┌────────

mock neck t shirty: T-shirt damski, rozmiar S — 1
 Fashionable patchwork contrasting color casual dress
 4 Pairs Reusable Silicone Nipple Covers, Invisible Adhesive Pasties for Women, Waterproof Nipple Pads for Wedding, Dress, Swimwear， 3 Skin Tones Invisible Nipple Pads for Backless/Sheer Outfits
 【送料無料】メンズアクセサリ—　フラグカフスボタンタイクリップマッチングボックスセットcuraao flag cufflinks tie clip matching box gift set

└────────

_REQUIREMENT_
Copy out the whole listing exactly as given.

_RESPONSE AREA_
mock neck t shirty: T-shirt damski, rozmiar S — 1
 Fashionable patchwork contrasting color casual dress
 4 Pairs Reusable Silicone Nipple Covers, Invisible Adhesive Pasties for Women, Waterproof Nipple Pads for Wedding, Dress, Swimwear， 3 Skin Tones Invisible Nipple Pads for Backless/Sheer Outfits
 【送料無料】メンズアクセサリ—　フラグカフスボタンタイクリップマッチングボックスセットcuraao flag cufflinks tie clip matching box gift set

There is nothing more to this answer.